I remember one revealing meeting where the whole top and middle management of the Swiss unit, then still the biggest country organization, was discussing the question of the value proposition: The consensus was that Kuoni’s value proposition consisted of two elements:

  1. convenience, because the trips were packaged and
  2. security, because someone was there in case something happended.

This evaluation was against better knowledge as market research was unambiguously showing a different picture: If people wanted convenience along with a cheap price (which was entirely driving standard type holiday bookings such as beach), they booked online or – given a price advantage that Kuoni couldn’t offer anymore given it’s under-critical size – at a large mass tour operator.

Security on the other hand was only a very minor argument for a vast majority of the trips (which went to Europe, in particular the Mediterranean). Security was a selling argument only in the context of complex trips to far-away, exotic destinations, where people felt uncomfortable to go on their own (i.e. less than 15% of the total market). In such cases they would come back to an expert travel agent giving them advice and a personal contact. Those trips however had become only marginal business for Kuoni’s mass-tourism beach holiday production machine ever since the 1970ies.

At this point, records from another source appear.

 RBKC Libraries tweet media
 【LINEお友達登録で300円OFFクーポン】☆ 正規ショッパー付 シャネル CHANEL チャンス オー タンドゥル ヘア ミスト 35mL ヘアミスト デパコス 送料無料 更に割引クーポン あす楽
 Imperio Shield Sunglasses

Kuoni had become neither fish nor fowl and was unable to go for one or the other.

The failure to account for different business models

The above was very clear for outsiders looking at the situation. E.g. both McKinsey and Roland Berger consultants suggested structural and strategy changes resulting in new “business units” at the top level. Unfortunately, little to nothing actually changed on the lower ranks. The organization was still putting beach holidays, travel components and complex trips alike into holiday brochures. Also, the same people remained in charge and the same systems were annoying customers and employees alike. To change the latter, many, many millions were then drowned in a new corporate-wide (!) booking system that was a failure from the very outset: It was supposed to meld totally different businesses with fundamentally different business requirements into one single IT system.

Some of the businesses were purely transactional, where everything was about speed, convenience and a cheap price. Others were deeply of a relational nature, where everything was about personal, customized service, high quality and flexibility.

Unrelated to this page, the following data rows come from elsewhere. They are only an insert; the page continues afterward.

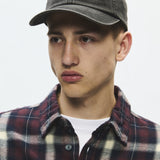 Gorra DOUBLE A BY WOOD WOOD AA Patch Black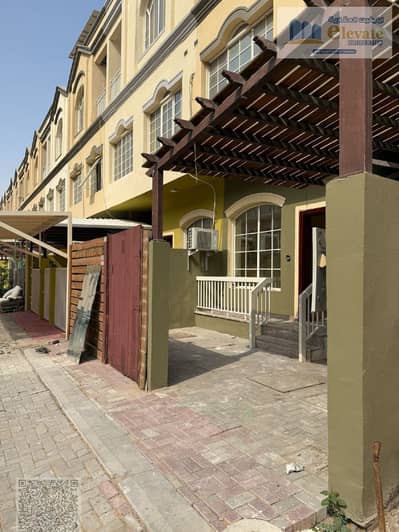 3 Bedroom Townhouse for Rent in Ajman Uptown, Ajman - myImage. jpg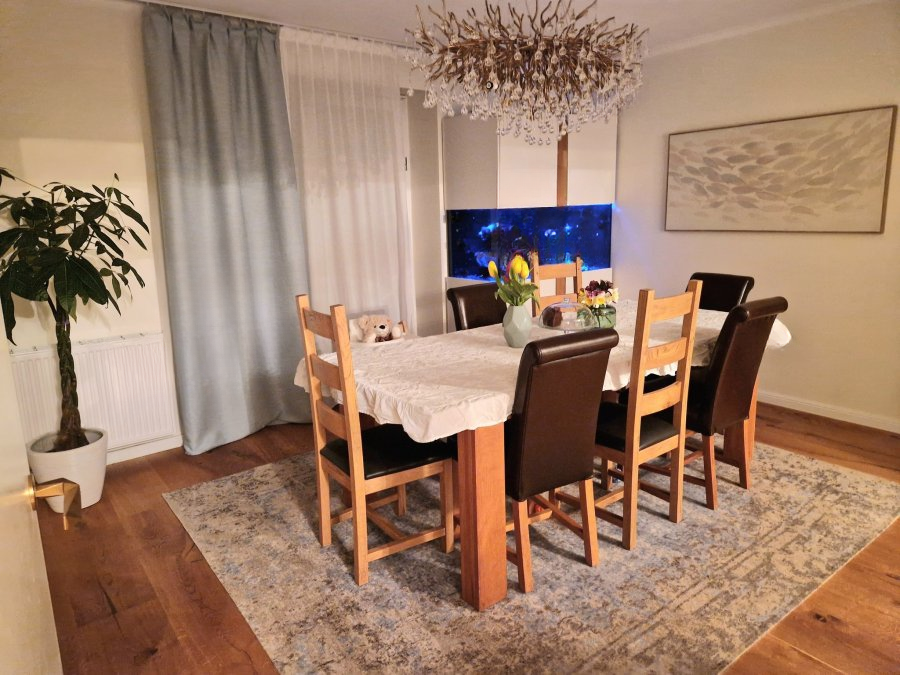 Квартира в Люксембурге, Люксембург, 144 м² - фото 4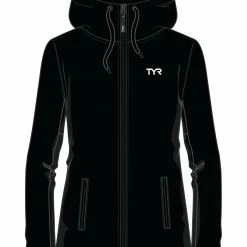 TYR BGHS Swim Team BGHS Warmup Hoodie - Female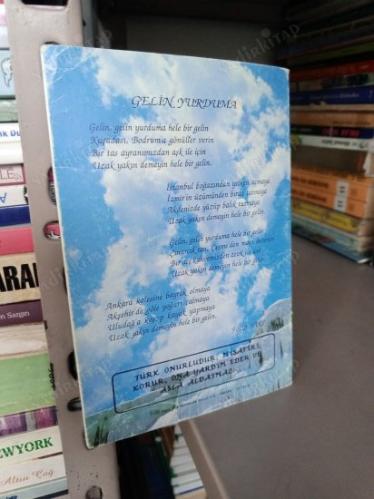 KÜLTÜR VE TURİZM BAKANLIĞI TURİZM HAFTASI 15-22 NİSAN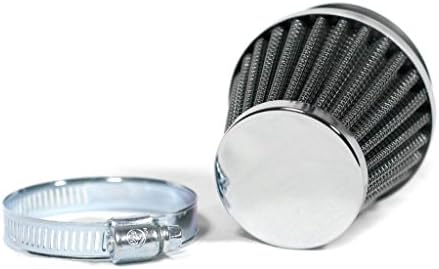 54mm K&amp;N Style Air Filter Pod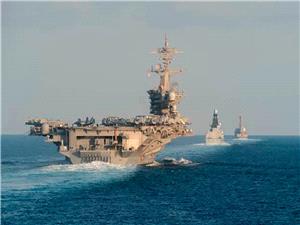 Iranian official says progress made on talks as US-Iran tensions persist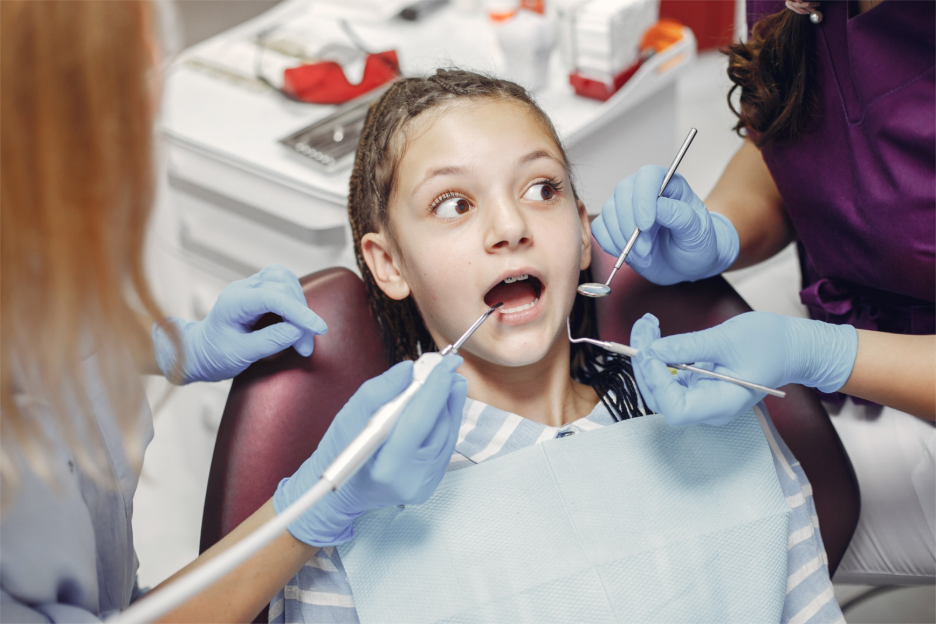 Kids dental corner | How Diabetes Impacts Your Child’s Oral Health Kids dental corner | How Diabetes Impacts Your Child’s Oral Health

What Kuoni should have done instead was identifying the differences in value propositions: The businesses conducted indeed many activities, that were really creating value for dedicated customer groups (e.g. expert advice, organized family trips, exotic exploration trips). Around those value propositions dedicated business models with dedicated responsibilities could have been created, such as travel advisory (as demonstrated e.g. by Globetrotter or Travel Counsellors), family holidays (as demonstrated e.g. by Vamos) or specialized round trips (as demonstrated e.g. by Intrepid).

Those businesses could then have been transformed, put on a new IT infrastructure, and nurtured to grow again. But as Kuoni was unable to cut the lines along the business models, it was simply impossible to transform the complex system of historically grown organizational structures, IT systems and manager’s power.

Conclusion

The decision taken by the last CEO Peter Meier to sell the tour operating activities was a step long overdue. Given the situation and the legacy, sadly there was no other choice left but to give in and recognize that this was an organization that could not be turned around anymore.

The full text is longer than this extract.